Selon Randa Slim, analyste au Middle East Institute et citée par le Wall Street Journal : « À moins que le Hezbollah accepte de se désarmer lui-même, j’ai du mal à imaginer un scénario qui verrait le gouvernement libanais le faire par la force. » Mais elle ajoute aussitôt : « Ce que doivent faire les Libanais, c’est rendre politiquement intenable un refus du Hezbollah d’être désarmé, en liant la reconstruction des zones chiites à ce désarmement. » Autrement dit : il ne s’agit pas de vaincre le Hezbollah militairement, mais de l’amener à renoncer à ses armes par un chantage à la reconstruction et à la légitimité sociale.

Le double discours gouvernemental

La réalité, c’est que le Liban parle deux langues politiques. L’une est celle du droit international, du multilatéralisme, du monopole légitime de la violence. L’autre est celle de la « Résistance », de la légitimité révolutionnaire, du droit à l’auto-défense communautaire.

Dans les coulisses du pouvoir, cette contradiction crée un double discours permanent. À Baabda, on promet la souveraineté ; à Haret Hreik (Fief du Hezbollah) on la relativise. Le président de la République, Joseph Aoun, homme de l’armée, sait qu’il marche sur un fil. Son message aux délégations étrangères est clair : « Nous avançons, mais nous avançons sans casser l’équilibre. »

Faut-il obtenir le consentement du Hezbollah?C’est là le nœud du problème. Et à ce jour, la réponse est claire : non, pas sans son consentement. Le Hezbollah demeure de loin la force militaire non étatique la plus puissante du pays. Il dispose d’un arsenal balistique significatif, de drones armés, et de troupes d’élite aguerries par des années de combat en Syrie. Une confrontation directe avec lui exposerait l’État libanais à un risque d’implosion : guerre civile, rupture au sein de l’armée, effondrement des institutions sécuritaires.

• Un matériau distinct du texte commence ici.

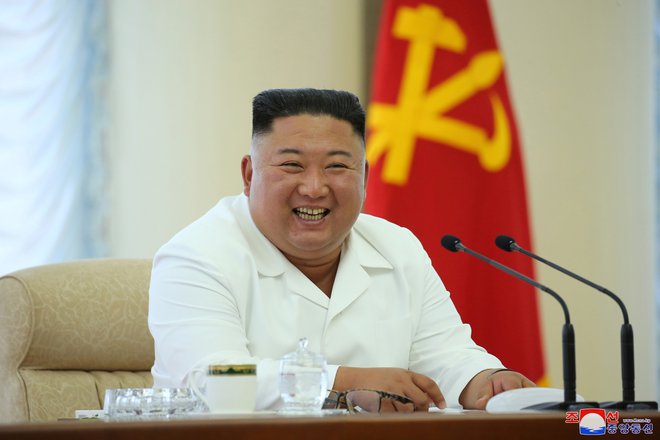 Z »medladijskimi transferji« lahko režim Kima Jong Una kljub sankcijam zasluži več deset milijonov dolarjev. FOTO: KCNA / REUTERS 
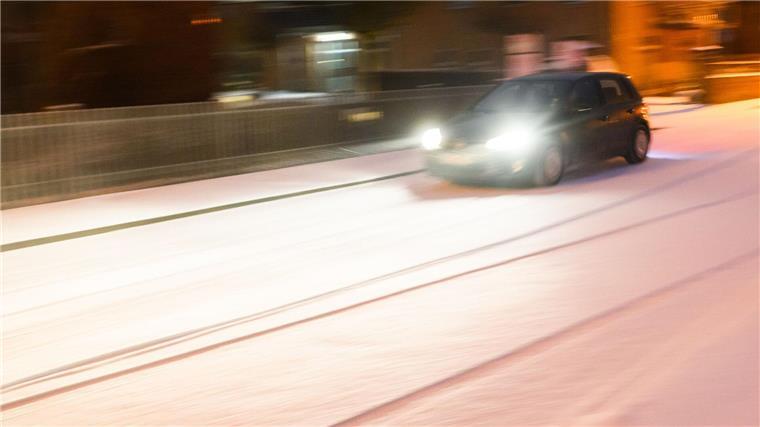 Glatte Straßen führen in Niedersachsen zu mehreren Unfällen. (Symbolfoto)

Face à cette réalité, Beyrouth privilégie une approche graduelle et négociée. L’idée serait de troquer les armes contre une reconnaissance symbolique et politique. Plusieurs pistes sont évoquées : offrir au Hezbollah une place institutionnelle – par exemple via un poste symbolique dans un « commandement conjoint » fictif –, partager les dividendes de la reconstruction, ou encore reconnaître officiellement son rôle passé dans la libération du Sud. Autrement dit, lui permettre une sortie honorable, sans capitulation, en réduisant progressivement ses capacités de combat.

Pressions américaines

Alors que le Liban attend la visite officielle de la vice-émissaire américaine pour le Moyen-Orient, Morgan Ortagus — dont la date n’est pas encore fixée — une lettre américaine a précédé son arrivée. Elle indique que la mise en œuvre de l’accord de cessez-le-feu reste incomplète, et que des mesures sérieuses et tangibles sont attendues. Des sources politiques ont confirmé au média libanais « Houna Loubnan » que le Liban a été averti du mécontentement américain concernant les retards dans l’application des autres clauses de l’accord de cessez-le-feu, notamment la remise des armes du Hezbollah dans le nord du Litani. Ces sources ajoutent que le pari du Hezbollah sur le facteur temps pour éviter la remise de ses armes nuit au Liban, et que des mesures efficaces et rapides sont exigées.

Les mêmes sources précisent que l’administration américaine avait évoqué un calendrier précis pour clore ce dossier, et en avait informé certains médiateurs, mais le Liban a ignoré cette échéance. Elles expliquent également que la période de tolérance accordée au Liban est désormais terminée, et que Morgan Ortagus reviendra au Liban dans les deux prochaines semaines avec un ton plus ferme. Les États-Unis estiment que le Liban ne peut plus se permettre de perdre du temps, et que Washington est déterminé à appliquer pleinement les clauses de l’accord, par tous les moyens nécessaires, sans compromis ni discussion.

Des discussions ont lieu dans les coulisses politiques concernant l’inquiétude qui règne sur la scène intérieure libanaise, en raison d’informations selon lesquelles le Hezbollah se préparerait à mobiliser la rue à travers des manifestations populaires, sous le prétexte de faire pression sur le gouvernement concernant la question de la reconstruction.